Listed records:
---*---

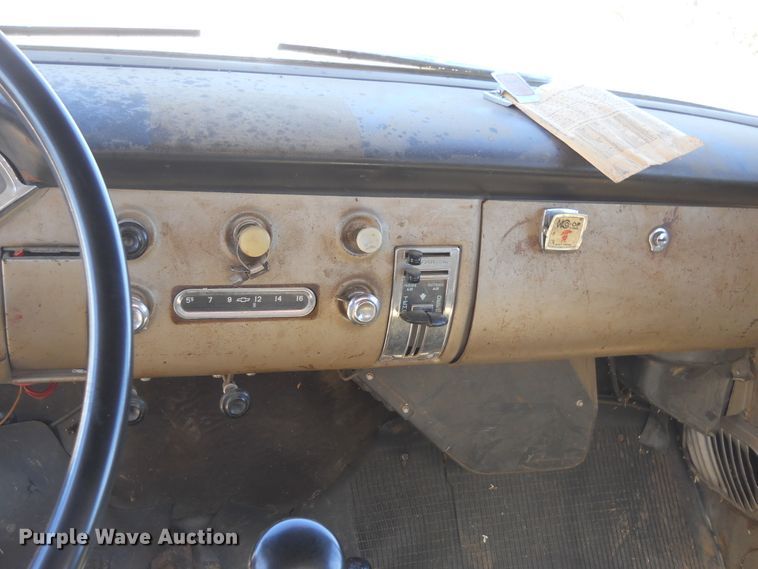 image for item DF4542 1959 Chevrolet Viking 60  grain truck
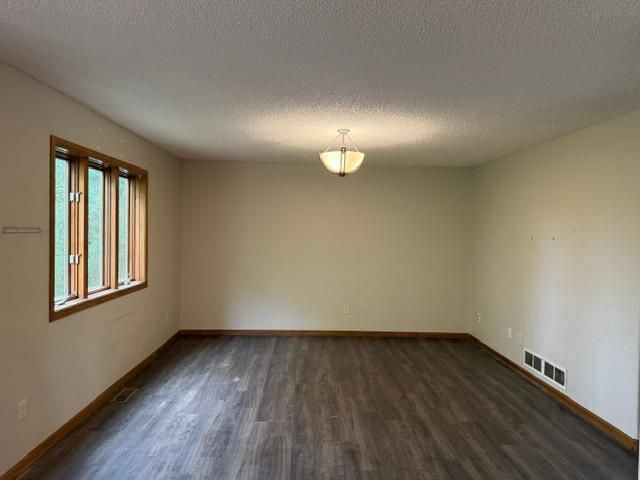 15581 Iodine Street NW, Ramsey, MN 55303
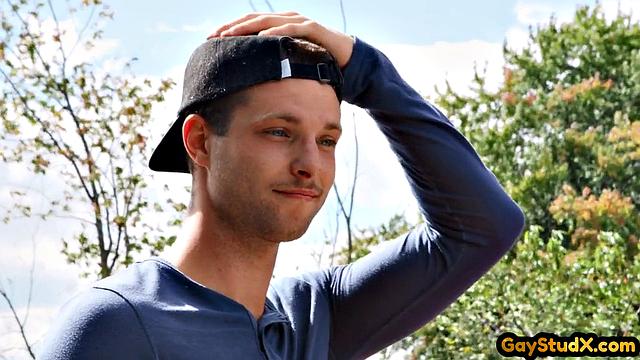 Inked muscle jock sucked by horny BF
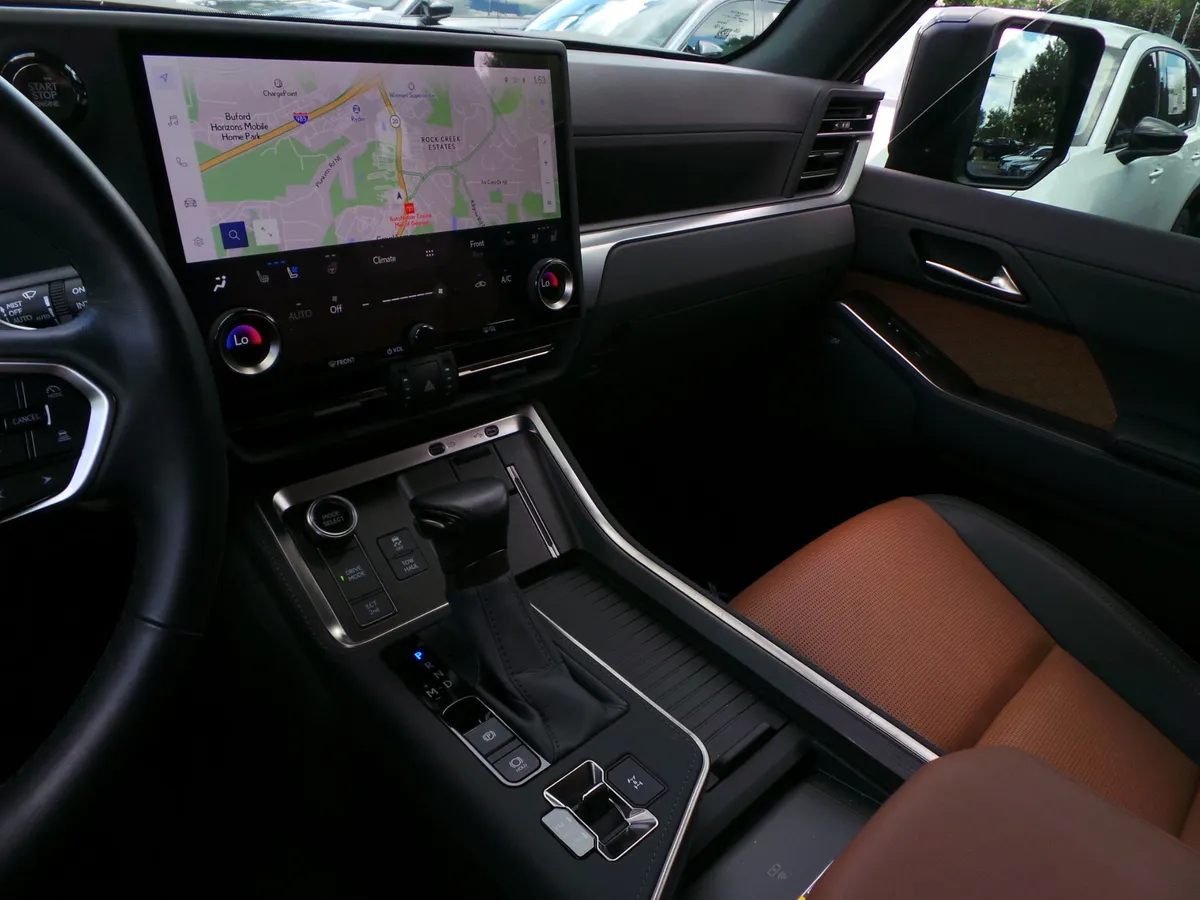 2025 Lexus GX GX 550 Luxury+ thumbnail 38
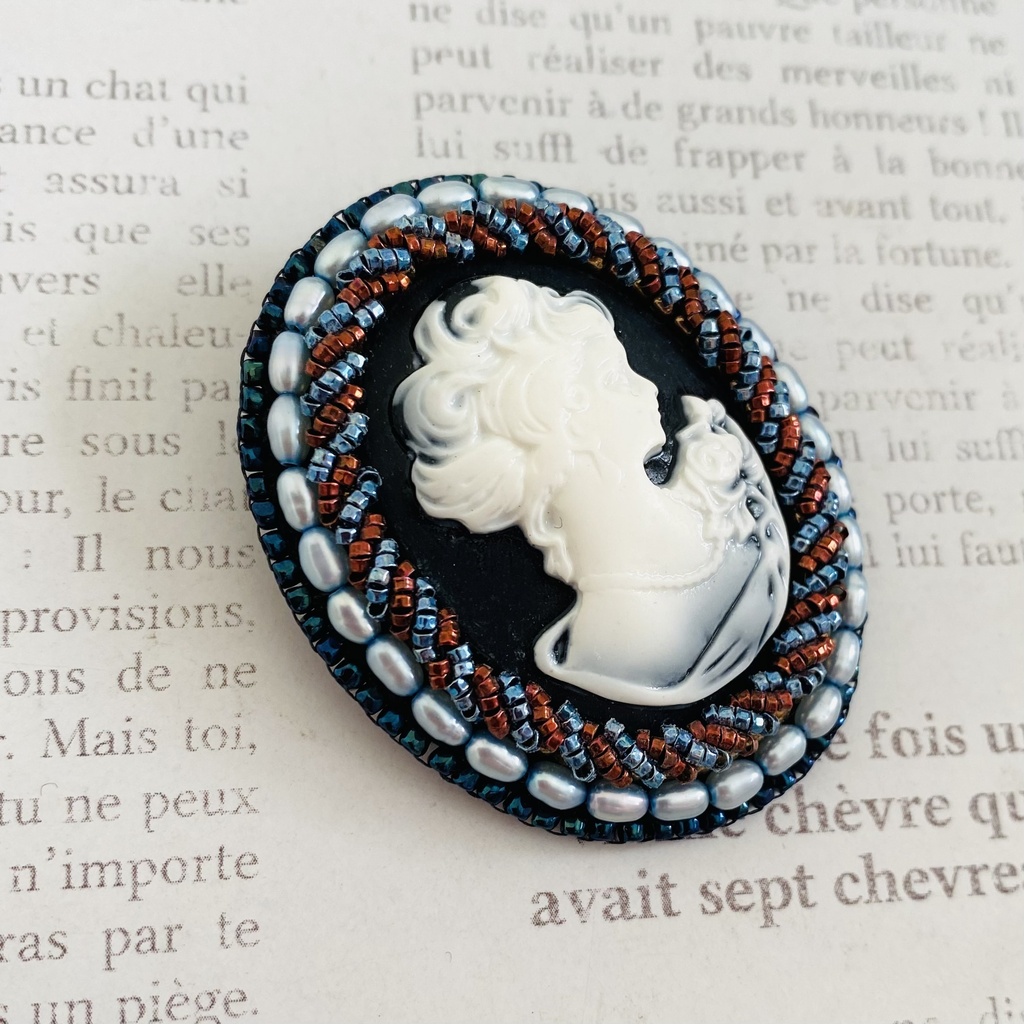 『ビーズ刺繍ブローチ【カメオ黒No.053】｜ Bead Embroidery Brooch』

---*---

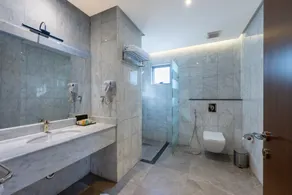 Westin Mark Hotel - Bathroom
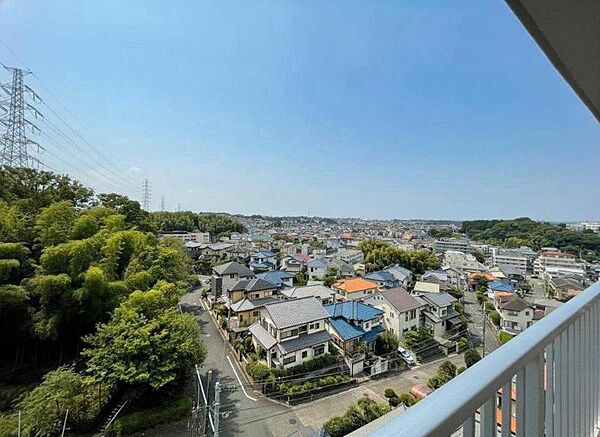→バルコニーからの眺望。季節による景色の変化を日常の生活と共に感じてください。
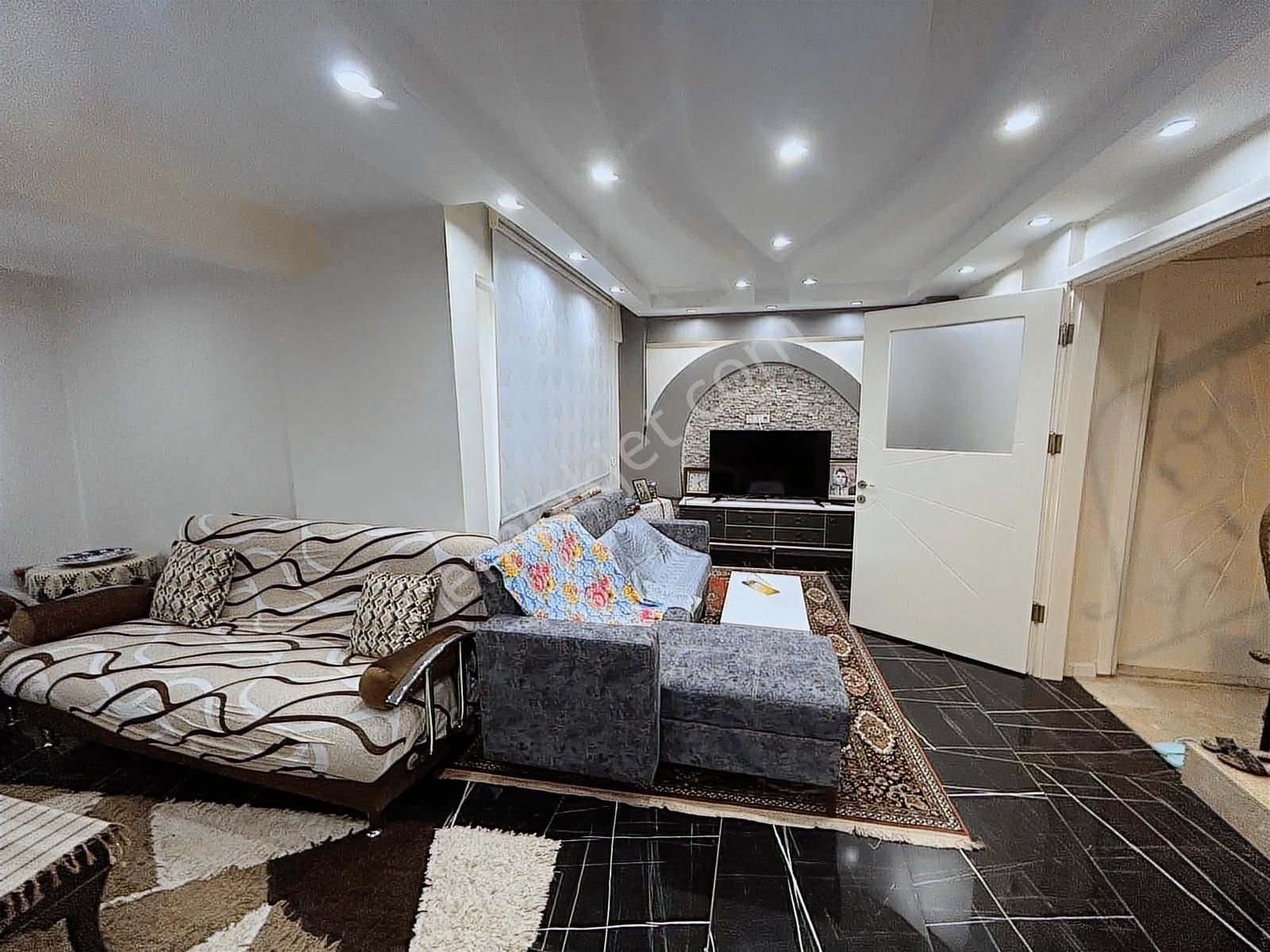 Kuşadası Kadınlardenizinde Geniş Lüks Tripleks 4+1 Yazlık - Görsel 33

---*---

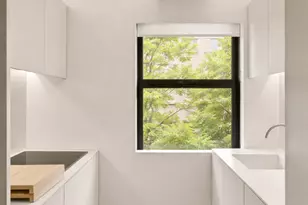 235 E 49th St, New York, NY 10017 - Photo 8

---*---

Task prompt:
Give back the exact lines above, running from the one that has "Westin Mark Hotel - Bathroom" through the one that has "Kuşadası Kadınlardenizinde Geniş", with nothing added and no pictures.

Task response:
 Westin Mark Hotel - Bathroom
→バルコニーからの眺望。季節による景色の変化を日常の生活と共に感じてください。
 Kuşadası Kadınlardenizinde Geniş Lüks Tripleks 4+1 Yazlık - Görsel 33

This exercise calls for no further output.